Staying calm, collected and being on time.
I really want to be able to justify hiring someone for a bar job based solely on their poetic skills, but I don’t think I ever could. Nevertheless I felt compelled to reply to him based on his persistence:
Regardless of wit and your spate as a poet,
We look for certain skills and your CV doesn’t show it.
Free pouring is far more than just speed,
It’s the measuring of alcohol to fit legal need.
Talking with customers is absolutely key,
But do you know each spirit’s history?
The origins of rum, the botanicals in gin,
The variations of whisky and which glass it goes in.

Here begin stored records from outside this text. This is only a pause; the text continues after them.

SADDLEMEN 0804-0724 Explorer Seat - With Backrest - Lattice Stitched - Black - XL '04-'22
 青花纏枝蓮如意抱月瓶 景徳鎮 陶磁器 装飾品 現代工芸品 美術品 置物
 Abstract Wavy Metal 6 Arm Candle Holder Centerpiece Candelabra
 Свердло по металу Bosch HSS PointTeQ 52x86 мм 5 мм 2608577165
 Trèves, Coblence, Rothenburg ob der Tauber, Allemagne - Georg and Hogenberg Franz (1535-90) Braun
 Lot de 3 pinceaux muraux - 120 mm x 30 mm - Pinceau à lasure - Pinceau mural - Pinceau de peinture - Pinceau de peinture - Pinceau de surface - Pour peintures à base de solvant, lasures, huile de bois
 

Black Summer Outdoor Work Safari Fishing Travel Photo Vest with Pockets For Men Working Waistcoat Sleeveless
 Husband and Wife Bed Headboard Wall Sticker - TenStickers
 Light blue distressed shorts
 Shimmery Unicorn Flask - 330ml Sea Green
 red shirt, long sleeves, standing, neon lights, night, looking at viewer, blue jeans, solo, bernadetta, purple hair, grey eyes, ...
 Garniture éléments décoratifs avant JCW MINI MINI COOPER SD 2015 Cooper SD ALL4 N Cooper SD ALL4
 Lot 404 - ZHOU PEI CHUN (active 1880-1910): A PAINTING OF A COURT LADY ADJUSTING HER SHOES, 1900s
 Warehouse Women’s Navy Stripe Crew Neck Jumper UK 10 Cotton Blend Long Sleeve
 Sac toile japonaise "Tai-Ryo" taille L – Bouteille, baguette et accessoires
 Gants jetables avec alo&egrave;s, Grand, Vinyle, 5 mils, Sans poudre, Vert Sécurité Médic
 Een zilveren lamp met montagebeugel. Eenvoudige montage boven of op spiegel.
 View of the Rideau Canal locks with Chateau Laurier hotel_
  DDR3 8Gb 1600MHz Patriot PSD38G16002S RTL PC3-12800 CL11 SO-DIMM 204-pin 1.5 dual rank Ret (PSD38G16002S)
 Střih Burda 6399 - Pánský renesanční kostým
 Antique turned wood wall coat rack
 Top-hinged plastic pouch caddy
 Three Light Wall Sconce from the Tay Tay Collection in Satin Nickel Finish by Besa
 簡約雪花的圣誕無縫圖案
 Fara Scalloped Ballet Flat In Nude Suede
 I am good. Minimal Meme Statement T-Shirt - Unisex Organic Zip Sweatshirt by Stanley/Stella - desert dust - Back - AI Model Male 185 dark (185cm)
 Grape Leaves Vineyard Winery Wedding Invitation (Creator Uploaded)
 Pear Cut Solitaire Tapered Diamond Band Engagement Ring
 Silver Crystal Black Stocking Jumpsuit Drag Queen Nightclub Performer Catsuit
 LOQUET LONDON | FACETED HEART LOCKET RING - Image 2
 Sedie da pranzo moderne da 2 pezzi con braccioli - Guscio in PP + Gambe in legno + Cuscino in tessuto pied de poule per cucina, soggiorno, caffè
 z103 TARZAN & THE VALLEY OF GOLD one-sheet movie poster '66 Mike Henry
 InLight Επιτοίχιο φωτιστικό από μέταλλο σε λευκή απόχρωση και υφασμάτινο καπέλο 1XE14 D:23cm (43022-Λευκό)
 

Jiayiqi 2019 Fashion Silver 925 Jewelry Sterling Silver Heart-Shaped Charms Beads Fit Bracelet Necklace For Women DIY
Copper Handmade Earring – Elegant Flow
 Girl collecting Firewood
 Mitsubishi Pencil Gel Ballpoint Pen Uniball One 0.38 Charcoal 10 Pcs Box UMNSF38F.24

Some people love vodka, others denounce it.
Would you up sell cachaça? Can you even pronounce it?
The mixing of drinks is hard to teach,
It’s a constant lesson with an end you can’t reach.
Theres thousands of recipes, each one debated,
And new variations constantly created.
Its nothing personal, I’m sure you have potential,
But 2 years experience has always been essential.
I hope in some way this rhyme makes amends,
But this is where your application ends.
It’ll obviously never be considered a modern day sonnet of the world, but I like to hope my AA rhyming scheme is appreciated by English GCSE students in the distant future. I also kind of want all future job applications to include poetry.